Thank goodness for small wonders.

I’m pretty confident that my weight gain over the past few weeks has been stress related. Which is not to say that I have been stress eating. Although, I probably have been stress eating, I haven’t eaten off plan so it shouldn’t, at least in theory, have made a difference on the scale. But maybe I’ve gotten to a point where the calories in vs. calories out are mattering again. Who knows.

Anyway, yesterday morning I “woke up” (in quotes because I had barely actually slept) and while blowing my nose I managed to pull (or at least tweak) something in my neck/shoulder. There is something humiliating about admitting the blowing my nose was enough to pull a muscle.
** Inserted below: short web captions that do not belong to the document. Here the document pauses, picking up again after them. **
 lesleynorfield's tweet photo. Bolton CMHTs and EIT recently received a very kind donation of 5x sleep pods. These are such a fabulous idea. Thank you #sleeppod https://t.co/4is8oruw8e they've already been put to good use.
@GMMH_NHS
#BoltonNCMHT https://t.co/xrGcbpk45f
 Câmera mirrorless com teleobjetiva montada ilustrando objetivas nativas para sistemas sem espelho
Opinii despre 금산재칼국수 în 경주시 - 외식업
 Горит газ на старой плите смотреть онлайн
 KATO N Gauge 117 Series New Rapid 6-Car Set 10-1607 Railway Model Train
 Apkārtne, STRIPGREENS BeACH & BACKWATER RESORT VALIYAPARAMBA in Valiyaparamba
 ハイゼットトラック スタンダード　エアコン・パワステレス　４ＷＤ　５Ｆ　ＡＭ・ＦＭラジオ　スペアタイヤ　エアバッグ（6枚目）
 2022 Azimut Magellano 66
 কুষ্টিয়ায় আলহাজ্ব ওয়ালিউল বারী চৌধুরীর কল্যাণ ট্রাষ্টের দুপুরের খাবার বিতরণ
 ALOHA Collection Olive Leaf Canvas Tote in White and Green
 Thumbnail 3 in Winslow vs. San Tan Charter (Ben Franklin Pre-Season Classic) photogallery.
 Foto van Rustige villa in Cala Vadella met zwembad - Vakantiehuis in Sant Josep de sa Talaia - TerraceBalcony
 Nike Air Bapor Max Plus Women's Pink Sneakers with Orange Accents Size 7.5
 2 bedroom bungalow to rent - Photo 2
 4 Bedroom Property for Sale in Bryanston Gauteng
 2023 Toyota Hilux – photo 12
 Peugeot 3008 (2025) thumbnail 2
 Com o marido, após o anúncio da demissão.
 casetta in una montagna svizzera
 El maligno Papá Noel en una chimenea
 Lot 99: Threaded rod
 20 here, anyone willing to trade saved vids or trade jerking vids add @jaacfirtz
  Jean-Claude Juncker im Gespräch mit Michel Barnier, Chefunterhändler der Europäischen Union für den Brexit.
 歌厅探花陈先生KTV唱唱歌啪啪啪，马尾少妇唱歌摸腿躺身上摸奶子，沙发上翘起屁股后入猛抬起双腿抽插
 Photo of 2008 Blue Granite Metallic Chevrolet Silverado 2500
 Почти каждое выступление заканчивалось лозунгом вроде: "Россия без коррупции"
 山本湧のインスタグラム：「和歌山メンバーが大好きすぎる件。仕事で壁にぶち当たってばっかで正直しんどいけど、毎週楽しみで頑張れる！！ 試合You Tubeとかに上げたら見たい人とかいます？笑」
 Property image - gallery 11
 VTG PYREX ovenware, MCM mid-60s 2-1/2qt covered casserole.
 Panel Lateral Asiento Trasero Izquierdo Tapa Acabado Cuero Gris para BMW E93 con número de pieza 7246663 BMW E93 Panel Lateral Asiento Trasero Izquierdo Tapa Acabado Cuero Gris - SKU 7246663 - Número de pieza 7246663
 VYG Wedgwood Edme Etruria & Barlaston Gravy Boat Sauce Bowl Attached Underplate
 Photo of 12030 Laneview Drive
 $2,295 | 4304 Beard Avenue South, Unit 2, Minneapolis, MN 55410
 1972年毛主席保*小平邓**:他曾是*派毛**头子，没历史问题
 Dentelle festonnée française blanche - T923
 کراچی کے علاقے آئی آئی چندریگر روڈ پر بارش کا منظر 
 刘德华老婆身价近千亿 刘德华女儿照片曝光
There is also something about it that makes me throw my hands up in the air and say, “Well, who the hell knows anything about anything,” and reminds me of my own humility in the face of the universe, which isn’t always a bad thing. See I’m looking for the silver lining.

But the pain has been killing me for the past 27 hours and also contributed to my lack of sleep last night.

It’s hurting now.

We’ve got workmen here at the house doing some serious, heavy lifting, yet delicate work and the banging and the crashing is making my stomach churn.

All in all I can’t focus on a thing right now and I’m trying to let myself off the hook and just ride out the day. My husband suggested that I just give in and watch some TV. He’s probably right, but I just can’t do it.

I’ve got a lot to do.

I’ve always got a lot to do.

Everyone always has a lot to do.

This is life.

I’m not always good at rolling with life, but for today at least I’m trying.

And for today, at least, I’m not eating over it. I had my oat bran muffin and cup of tea for breakfast and while it’s only 10 am and I seem to think I’m ready for lunch I’m not going to eat anything.

I’m going to make a couple of phone calls, gather some information that I need, keep my fingers crossed, and keep breathing.

This too shall pass.

Like everything else, it is just for today.